### Instructions to follow
Every line of the records below that has the word "Page" should be copied.

### Exercise data
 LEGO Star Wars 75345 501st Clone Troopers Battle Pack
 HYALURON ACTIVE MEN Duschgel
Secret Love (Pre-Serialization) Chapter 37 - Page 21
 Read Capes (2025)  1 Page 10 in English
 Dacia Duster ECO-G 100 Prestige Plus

---

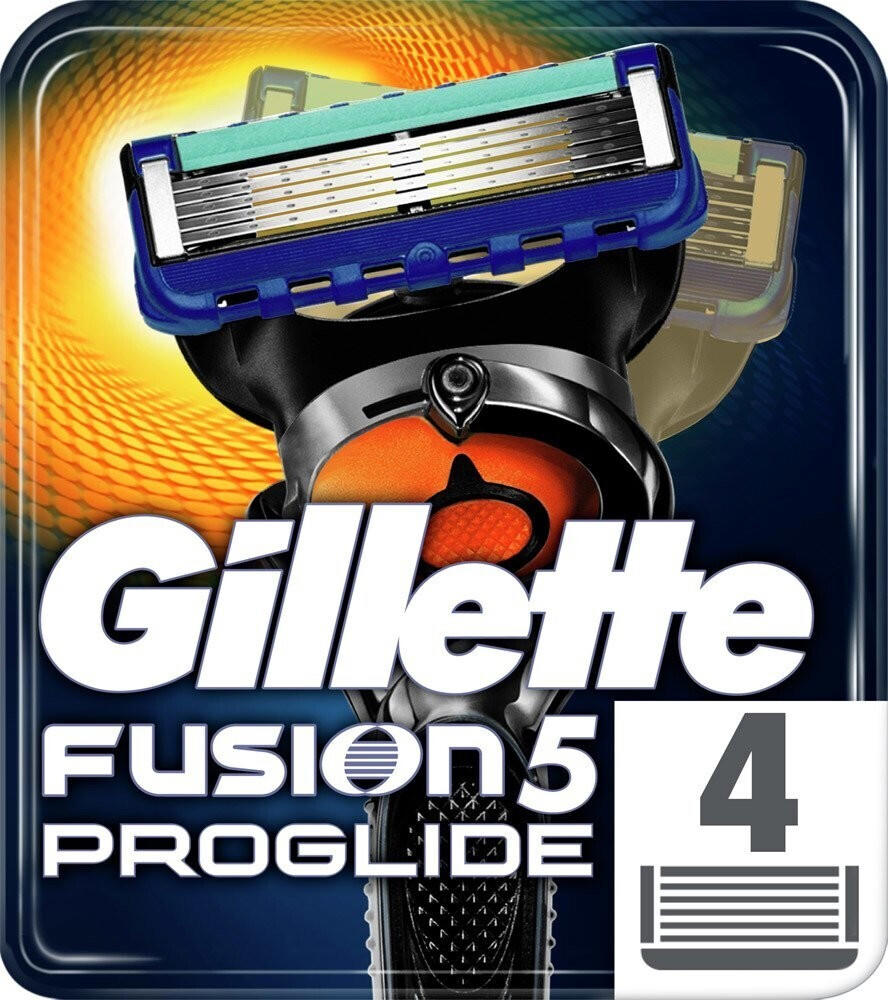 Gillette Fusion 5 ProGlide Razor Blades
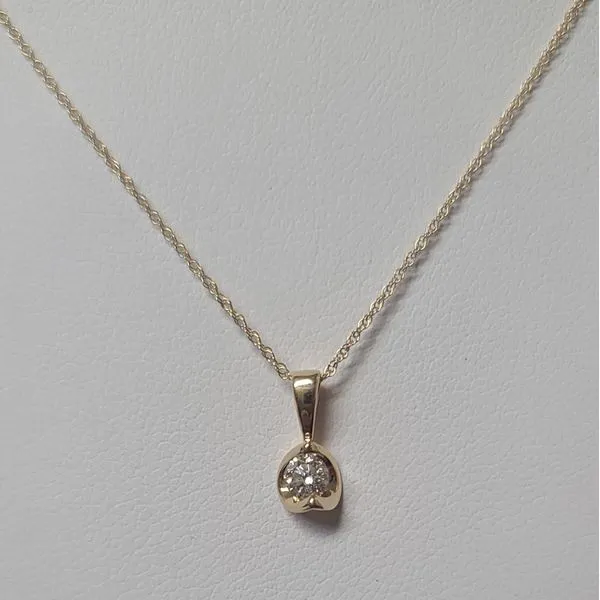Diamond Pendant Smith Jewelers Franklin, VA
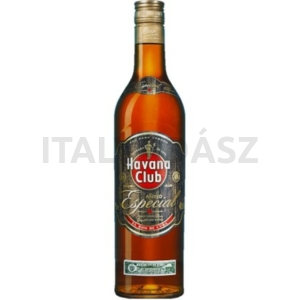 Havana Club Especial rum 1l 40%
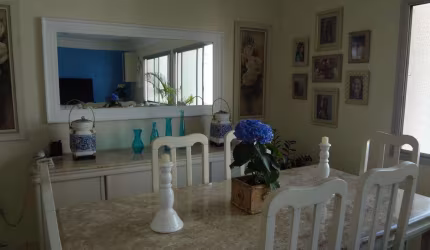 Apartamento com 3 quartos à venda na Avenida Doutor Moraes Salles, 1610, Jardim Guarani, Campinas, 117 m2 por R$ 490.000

### Expected answer
Secret Love (Pre-Serialization) Chapter 37 - Page 21
 Read Capes (2025)  1 Page 10 in English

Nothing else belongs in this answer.